Dataset section:
━━━━━━━━━━

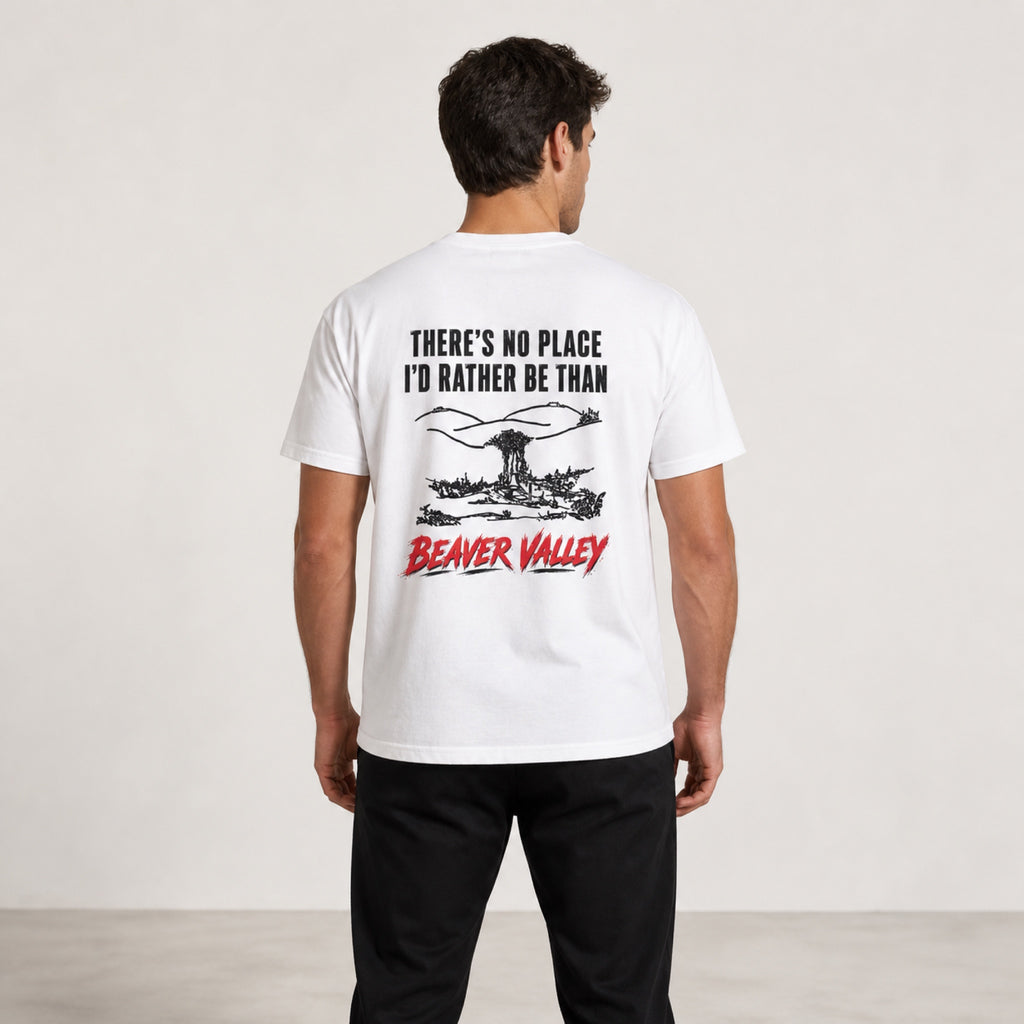 Beaver Valley Graphic Tee "There's No Place I'd Rather Be Than Beaver Valley" Back Print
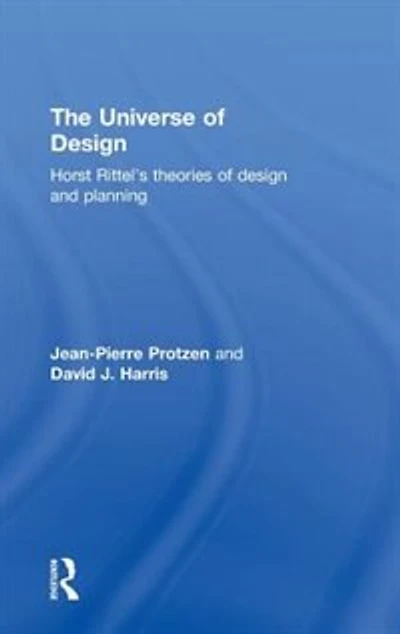 The Universe of Design: Horst Rittel's Theories Design and Planning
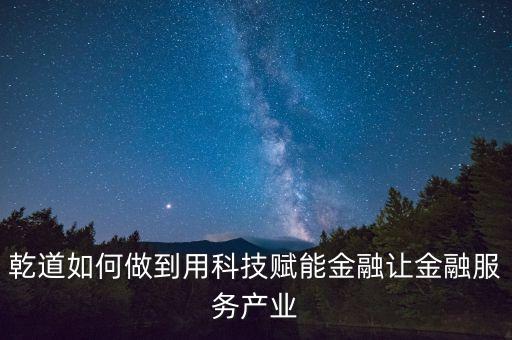科技賦能 讓金融世界更具想象力，如何理解乾道倡導(dǎo)的科技賦能金融呢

━━━━━━━━━━

About this exercise:
Copy out all of the listing word for word, but skip the images.

Result of this task:
 Beaver Valley Graphic Tee "There's No Place I'd Rather Be Than Beaver Valley" Back Print
 The Universe of Design: Horst Rittel's Theories Design and Planning
科技賦能 讓金融世界更具想象力，如何理解乾道倡導(dǎo)的科技賦能金融呢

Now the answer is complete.